Ciao, certo che ne esistono, ce ne sono molti. Non li seguo perché ho scarsa visibilità su quello che hanno in pancia, e quando se ne parlò sul FOL qualche anno fa (trovi lì da qualche parte una discussione sul tema in sezione obbligazioni), ho ribadito la mia scarsa simpatia per lo strumento, proprio a causa di questo suo limite.

Se vai sul sito di Morningstar, non dovresti avere problemi a trovarli.

Mi raccomando la cautela....
 
Sì certo non ti preoccupare...:)

So che le HY hanno corso tanto, era per capire se qualcuno ha in portafoglio Etf o fondi HY e conoscendogli ci da qualche indicazione.

Io ho parecchie obbligazioni HY e pensavo di ridurle visti i grossi guadagni,:cool: stavo anche valutando l'ipotesi di passare a Etf o fondi che hanno il vantaggio di essere più diversificati.
 
Sì certo non ti preoccupare...:)

So che le HY hanno corso tanto, era per capire se qualcuno ha in portafoglio Etf o fondi HY e conoscendogli ci da qualche indicazione.

Io ho parecchie obbligazioni HY e pensavo di ridurle visti i grossi guadagni,:cool: stavo anche valutando l'ipotesi di passare a Etf o fondi che hanno il vantaggio di essere più diversificati.

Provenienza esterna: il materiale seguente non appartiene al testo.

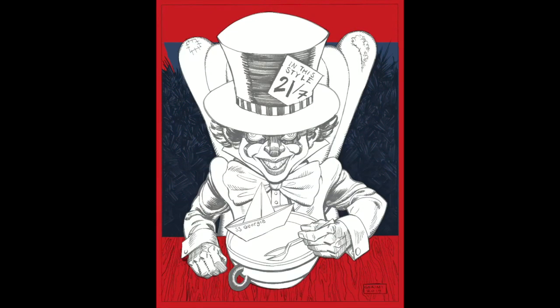Hey, it's Jeremy from Jeremy.net. This is another time-lapse from my Wonderland Nightmare series, this time the Mad Hatter. I will include a link to the finished print of this for sale in my store, and that'll be in the description.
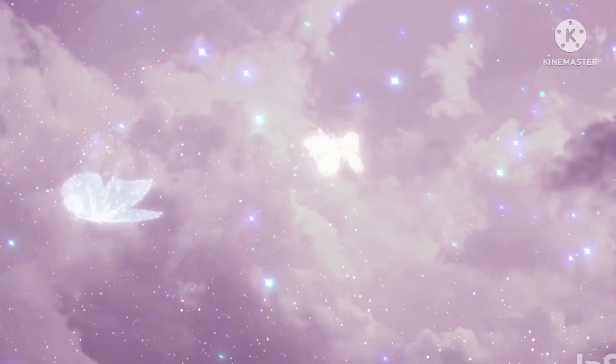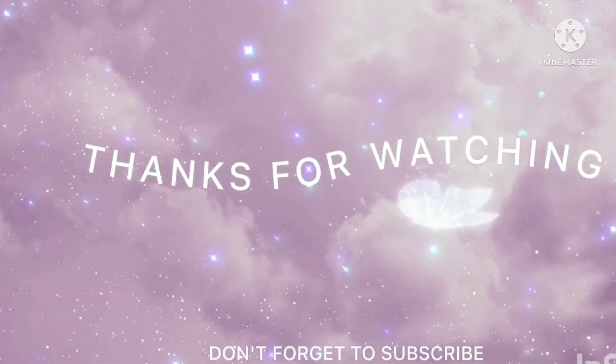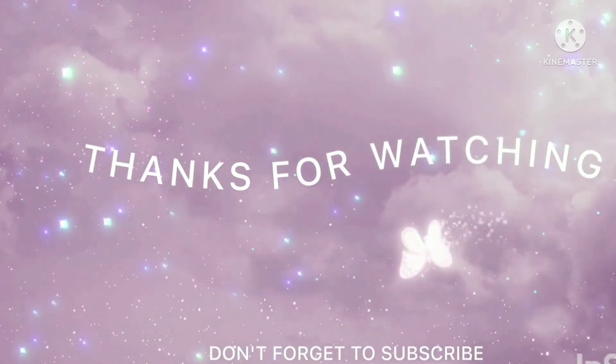If you like this video, please like this video. Thank you. Love you all. Thank you.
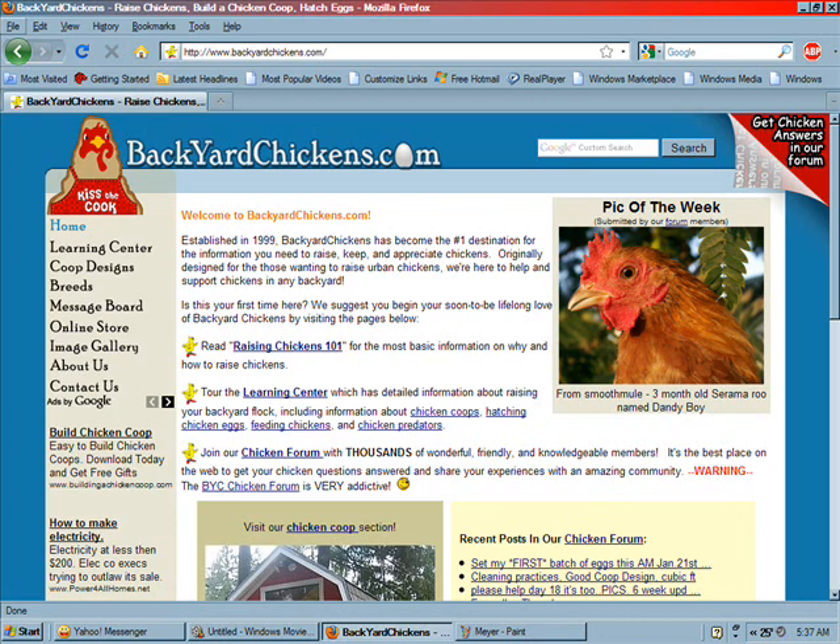BackyardChickens has forum topics covering everything from show birds and meat birds, how to butcher, pest control, coop designs, homemade incubator designs — anything you can think of related to poultry, including geese, turkeys, ducks, and guineas. They also have a list of people selling eggs for shipping, so you can purchase eggs from friends on the site. If you're thinking of getting into chickens, I highly suggest checking it out — it's probably the best website on earth for learning about chickens.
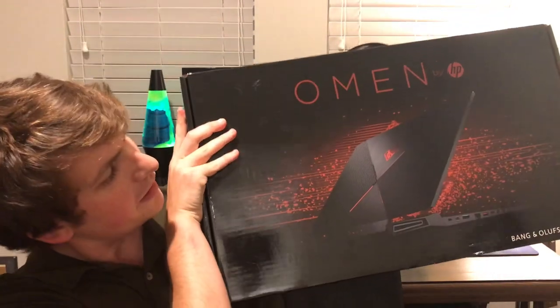I'll go ahead and grab it right here so I can let you guys see the box here. This is going to be it. It's pretty exciting. I'll go ahead and read off the specs to you guys here.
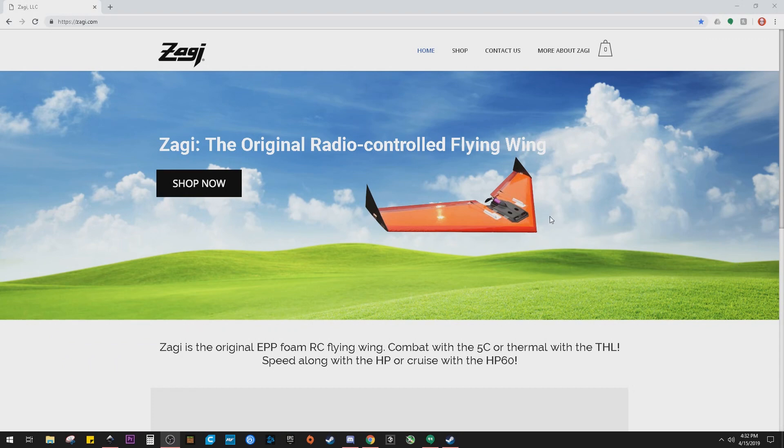I just want to do a quick little video showing how I use Inkscape as kind of my design platform when I'm making up planes. I've been using it now for a lot of years and it's pretty nice.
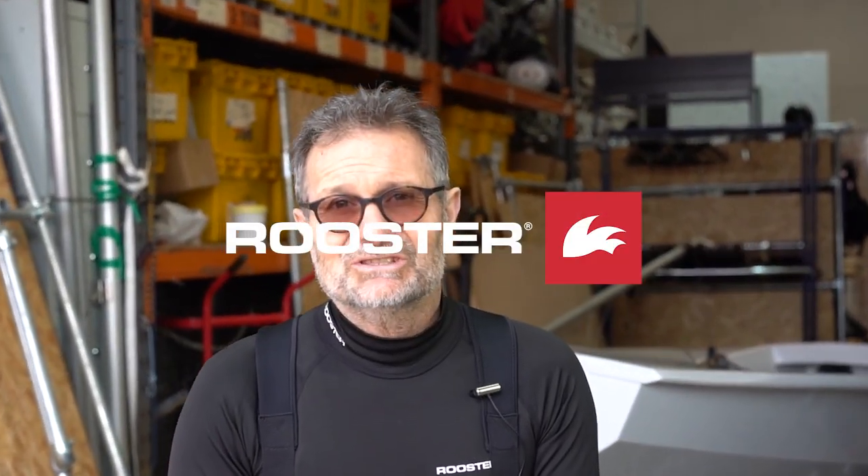There you go. Enjoy your sailing. Enjoy your hiking. And get more tips at Rooster.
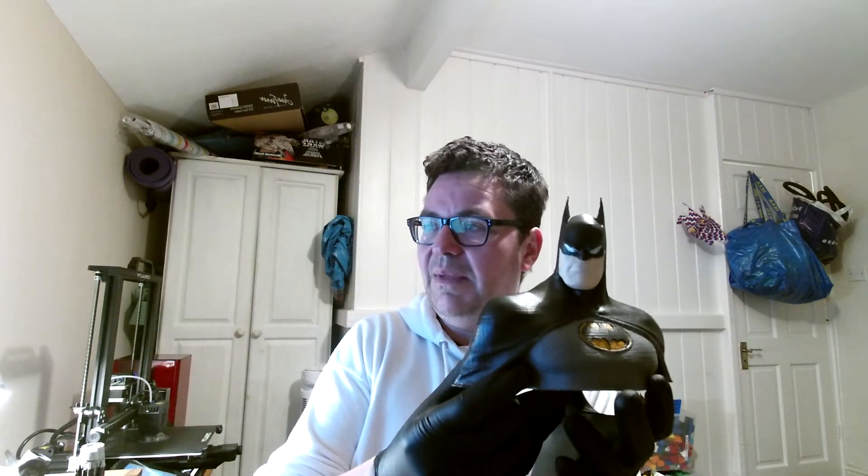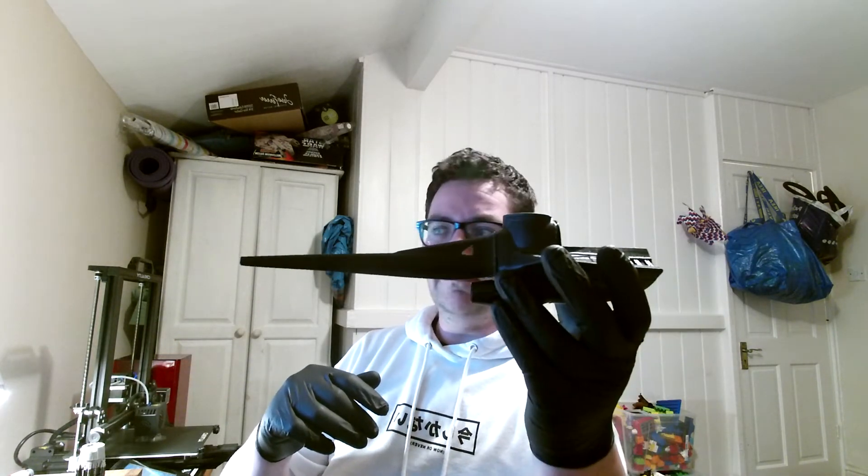Some of the stuff I've done with it: I printed something from Legend of Zelda, a Batman the Animated Series bust which I absolutely love — one of my favourite things. Currently I'm also printing the N1 starfighter from The Mandalorian for my son, who is massive into The Mandalorian. There's so much cool stuff we can print.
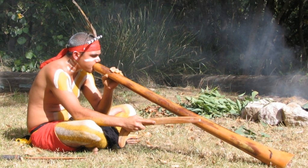Didgeridoo. This instrument comes originally from the Aboriginal people of Australia. It used to be made from wood from the eucalyptus tree. Its playing requires a special circular breathing technique.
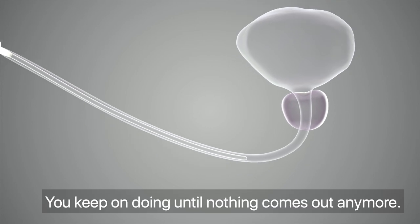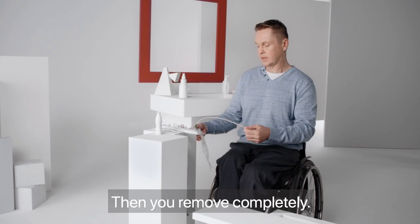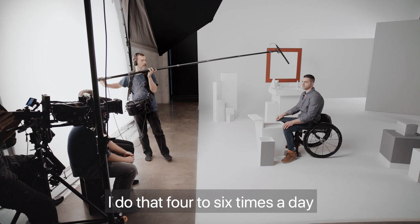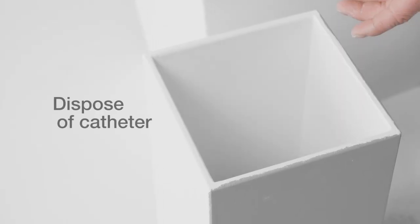Insert the catheter slowly until flow stops. It's a very easy step and it takes about 2 minutes to complete. I do it between 4 and 6 times per day, depending on what I need.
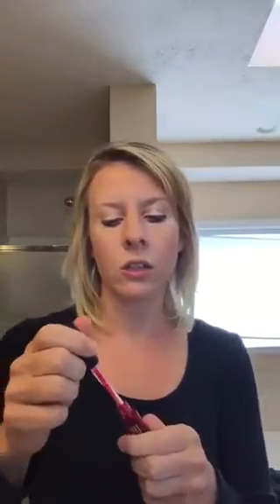The last product I want to show you is our lip stain, and I'm going to apply Saffy today. This is one of our lighter colors and it goes on just like you do your regular lip gloss. I'll apply it here, making sure I get it in the corners too.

Su Morningstar, di solito trovi indicati i primi 10 titoli presenti nel fondo in termini percentuali... di solito ti danno indicazioni su di un 25-30% del capitale investito, e qualcosa si può già capire... però resta l'incognita del 70% rimanente, sebbene la diversificazione giochi a favore, come giustamente rammenti.

Ricordo che quando se ne parlò sul Fol, la gran parte aveva quale primo investimento per consistenza bond GM...
 
Articolo decisamente interessante di bloomberg, che tratta alcuni importanti fatti in atto negli ultimi 2-3 mesi nel mercato del credito che dovrebbero ulteriormente invitare alla cautela.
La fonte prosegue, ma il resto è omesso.